Taxpayers have spent $6 million in advertising for a voter ID law that Pennsylvanians don't have to obey for the fourth consecutive election on Tuesday, one that might not survive a lengthy legal challenge.

More than $1 million has gone toward television, radio and print advertisements since Sept. 30, urging voters to “show it,” even though the state's controversial law requiring voters to show a photo ID is mired in the courts and under a judge's injunction.

Poll workers can request to see ID, but voters are not required to produce photo identification, which the ads explain.

“It would've been a much more prudent course of action to just wait, for the Department of State to just wait until the final decision and everyone knows whether the law is valid,” said state Sen. Matt Smith, D-Mt. Lebanon, who called the ads a waste of resources.

Last year, the state used $5 million in federal subsidies earmarked for voter education to run television and radio ads to promote the voter ID law before the presidential election. This year, the state updated the ads to reflect the status of the law.

Even if the law is not in effect, the state is responsible for educating people about ID requirements, said Ron Ruman, spokesman for the Department of State.

“We're doing education according to the law,” Ruman said, “and the law is you're going to be asked, but not required.”

The 32-second television ad implores voters who “care about this election,” “have an opinion,” or “want a voice,” to “show it” — with images of driver's licenses, passports, student IDs and state-issued IDs. A narrator tells viewers they will be asked but not required to show ID, and to look into obtaining an ID even if they could not get one in the past.

The voter ID law, which passed in spring 2012, awaits a decision by Commonwealth Court Judge Bernard McGinley on whether the statute will stand in response to a challenge brought by the American Civil Liberties Union, whose attorneys say the law disenfranchises too many voters.

“If you saw only the first 15 seconds of that ad, there is no other conclusion you would have other than the conclusion the voter ID law was in effect,” Smith said.

Witold Walczak, state legal director for the ACLU of Pennsylvania, said the ads are disingenuous, confusing and a waste of money.

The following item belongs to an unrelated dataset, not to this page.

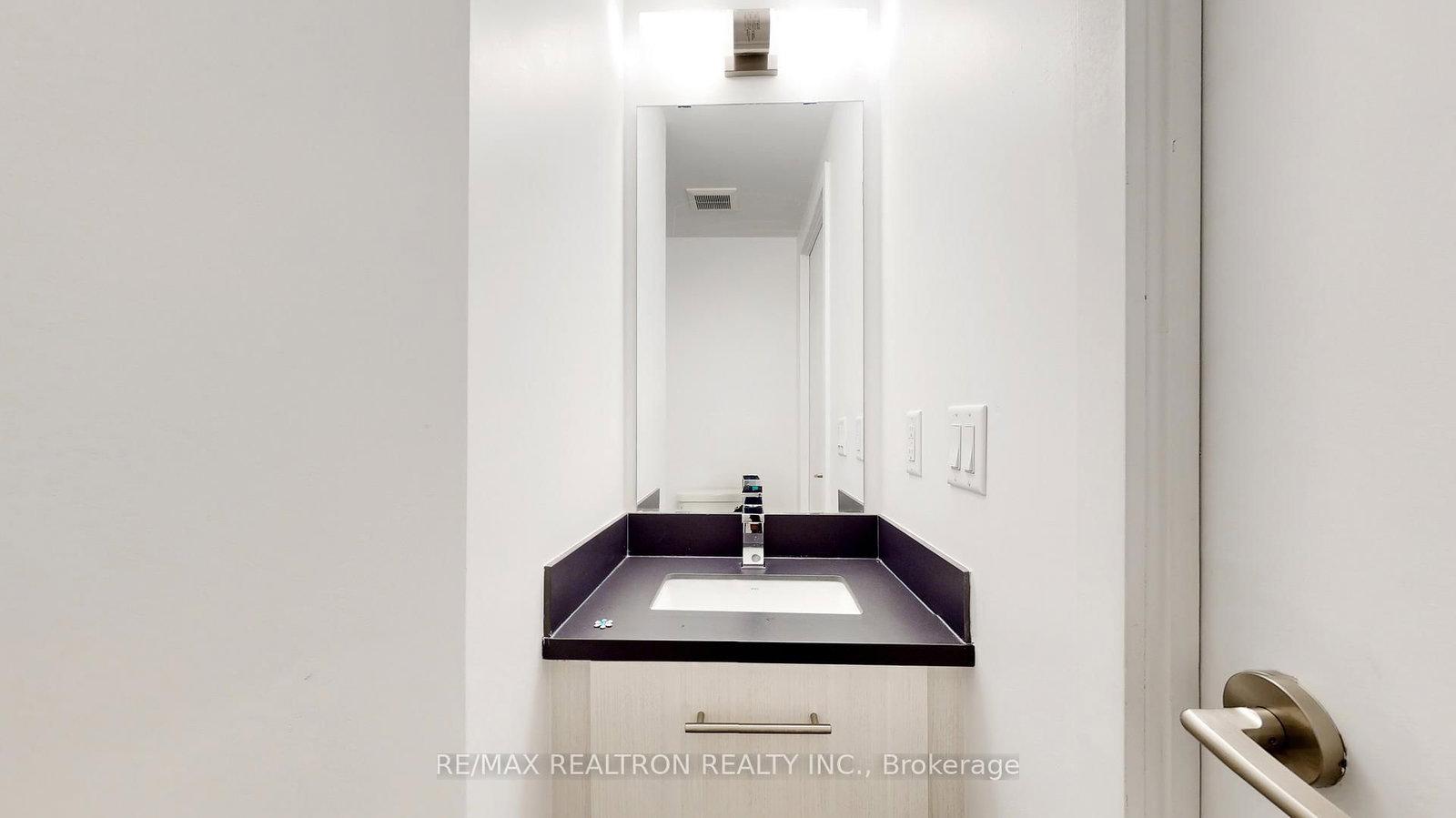 260 Finch Avenue E, Unit TH 1 - Photo 15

Even if residents have the necessary information, obtaining an ID may prove difficult for voters who lack transportation to get to a PennDOT office, he said, specifically the poor, elderly and disabled. And the state has not proved that the need for the law outweighs the problem of access to IDs, he said.

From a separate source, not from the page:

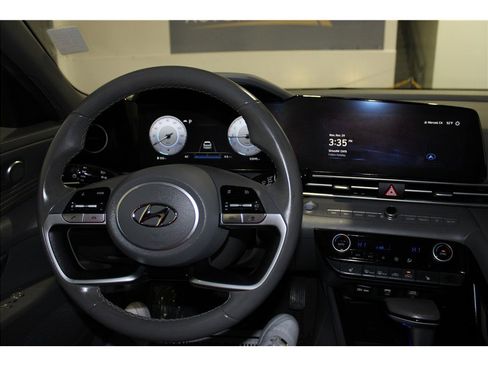 Used 2023 Hyundai Elantra SEL w/ Convenience Package image 30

“To this day, they have failed to identify a single instance of in-person voter fraud, the only kind of fraud that would be addressed by this law,” Walczak said.

Both sides are prepared to appeal McGinley's decision to the state Supreme Court, although the path the law could take is unclear. Walczak said there might be consideration by a three-judge panel or the full Commonwealth Court before the state's highest court takes the case.

The Supreme Court ruled once on the law, before the presidential election last year. It decided the case would be argued in Commonwealth Court with a focus on how many voters potentially could be disenfranchised by the law.

With no presidential or gubernatorial election, off-year elections typically produce low voter turnout.

Election officials expect 25 percent of eligible voters in Allegheny County to cast ballots on Tuesday; 15 percent to 20 percent in Butler County; 22 percent in Washington County; and 20 to 25 percent in Westmoreland County.

Turnout for the May primary at the state level was in the teens, Ruman said.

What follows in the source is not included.